▸ WHAT IS EXPECTED
Exactly the lines below starting at the line with "Welcome to Music" and ending at the line with "To find out" are wanted, with both ends included. Leave out the pictures and add no other lines.

▸ EXTRACTED DATA
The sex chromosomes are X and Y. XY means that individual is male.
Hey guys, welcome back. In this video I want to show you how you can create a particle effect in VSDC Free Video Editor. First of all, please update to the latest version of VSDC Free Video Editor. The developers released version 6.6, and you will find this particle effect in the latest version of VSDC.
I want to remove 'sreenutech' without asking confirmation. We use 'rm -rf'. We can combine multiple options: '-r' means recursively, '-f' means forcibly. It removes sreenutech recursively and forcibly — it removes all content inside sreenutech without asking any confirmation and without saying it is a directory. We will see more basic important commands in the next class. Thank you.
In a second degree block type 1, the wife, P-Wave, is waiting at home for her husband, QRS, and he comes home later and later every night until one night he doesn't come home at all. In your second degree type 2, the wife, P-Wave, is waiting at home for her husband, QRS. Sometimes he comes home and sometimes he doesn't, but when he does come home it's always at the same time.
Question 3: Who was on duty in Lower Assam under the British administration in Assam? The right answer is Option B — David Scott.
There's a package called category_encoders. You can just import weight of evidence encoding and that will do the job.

* * *

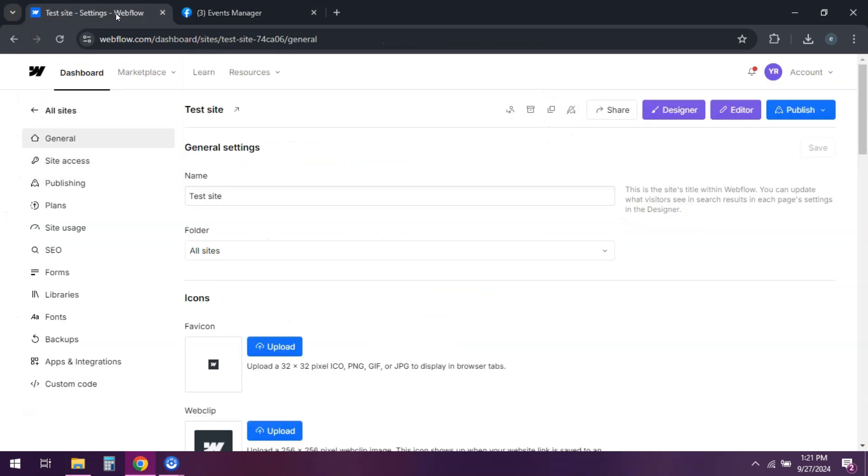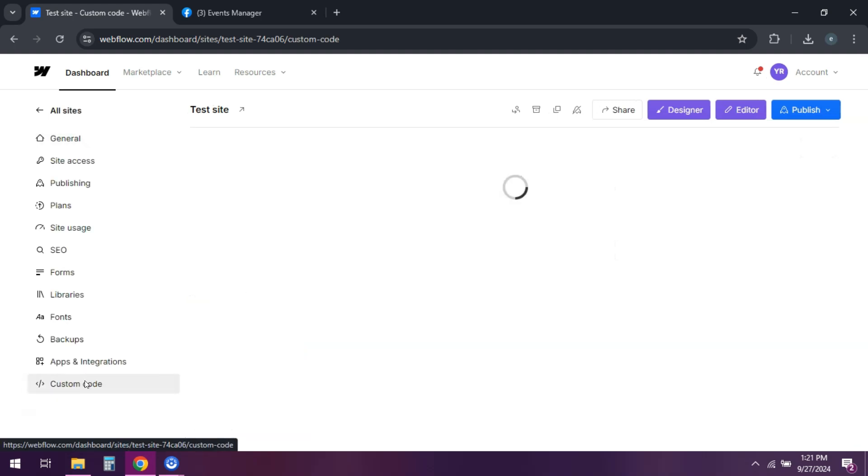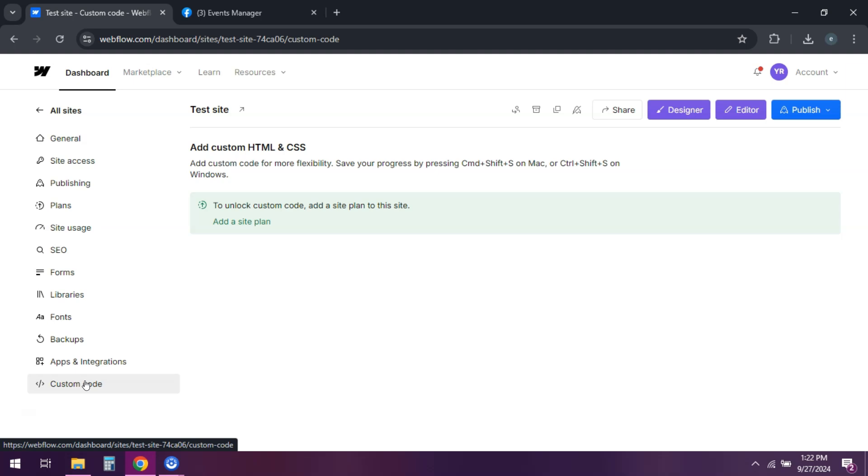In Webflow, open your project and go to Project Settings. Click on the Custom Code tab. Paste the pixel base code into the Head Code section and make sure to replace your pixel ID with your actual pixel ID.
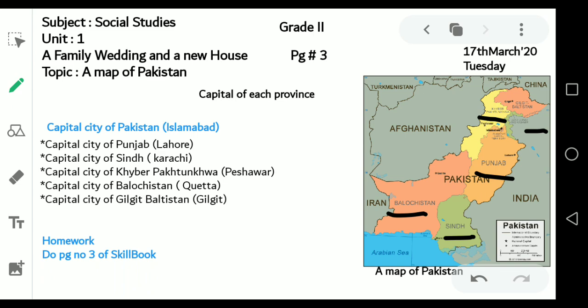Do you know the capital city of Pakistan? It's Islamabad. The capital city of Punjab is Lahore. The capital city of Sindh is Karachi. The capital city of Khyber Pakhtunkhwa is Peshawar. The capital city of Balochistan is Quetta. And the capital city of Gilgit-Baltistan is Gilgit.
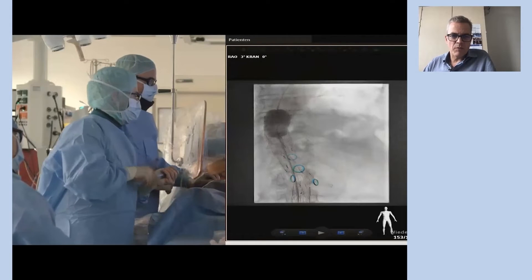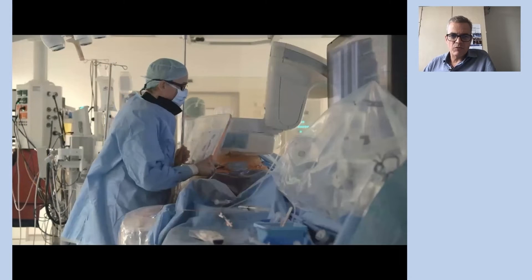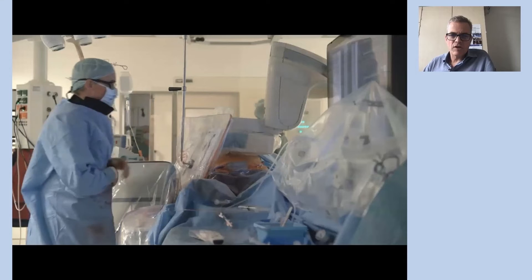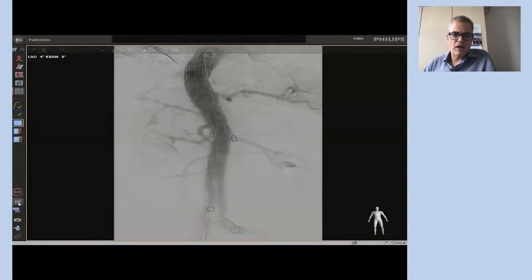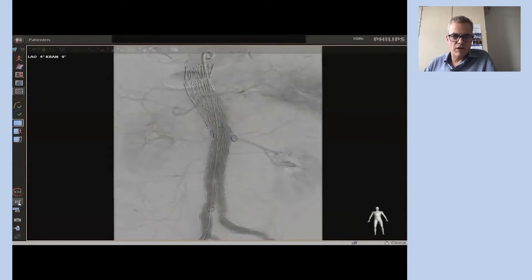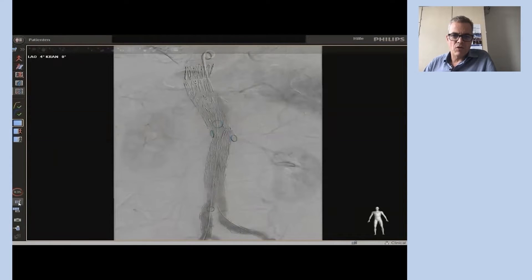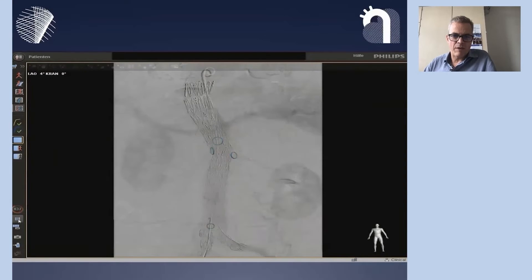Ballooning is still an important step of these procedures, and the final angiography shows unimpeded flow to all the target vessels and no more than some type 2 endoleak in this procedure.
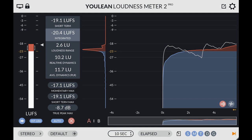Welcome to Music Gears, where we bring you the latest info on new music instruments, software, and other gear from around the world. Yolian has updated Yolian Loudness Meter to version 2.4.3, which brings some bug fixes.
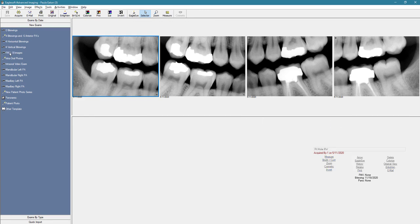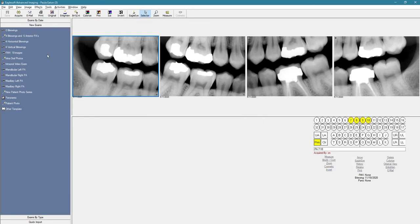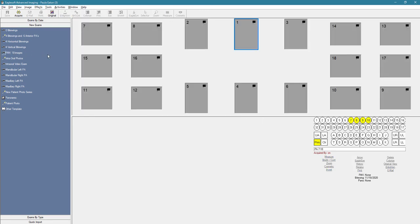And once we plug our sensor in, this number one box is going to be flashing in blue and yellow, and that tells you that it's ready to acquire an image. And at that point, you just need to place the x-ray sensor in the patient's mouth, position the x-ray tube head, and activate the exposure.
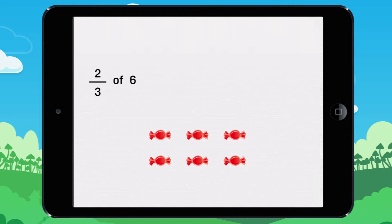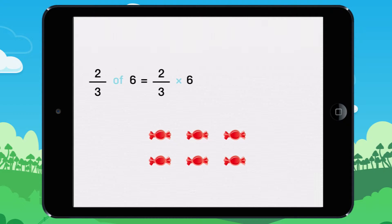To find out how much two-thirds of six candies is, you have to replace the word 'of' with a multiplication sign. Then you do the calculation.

* * *

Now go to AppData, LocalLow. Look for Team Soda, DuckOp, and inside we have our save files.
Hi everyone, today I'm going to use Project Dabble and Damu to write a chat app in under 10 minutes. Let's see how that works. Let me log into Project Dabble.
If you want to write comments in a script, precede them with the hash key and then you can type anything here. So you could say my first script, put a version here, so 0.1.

▸ YOUR RESPONSE
Welcome to Music Gears, where we bring you the latest info on new music instruments, software, and other gear from around the world. Yolian has updated Yolian Loudness Meter to version 2.4.3, which brings some bug fixes.
And once we plug our sensor in, this number one box is going to be flashing in blue and yellow, and that tells you that it's ready to acquire an image. And at that point, you just need to place the x-ray sensor in the patient's mouth, position the x-ray tube head, and activate the exposure.
To find out how much two-thirds of six candies is, you have to replace the word 'of' with a multiplication sign. Then you do the calculation.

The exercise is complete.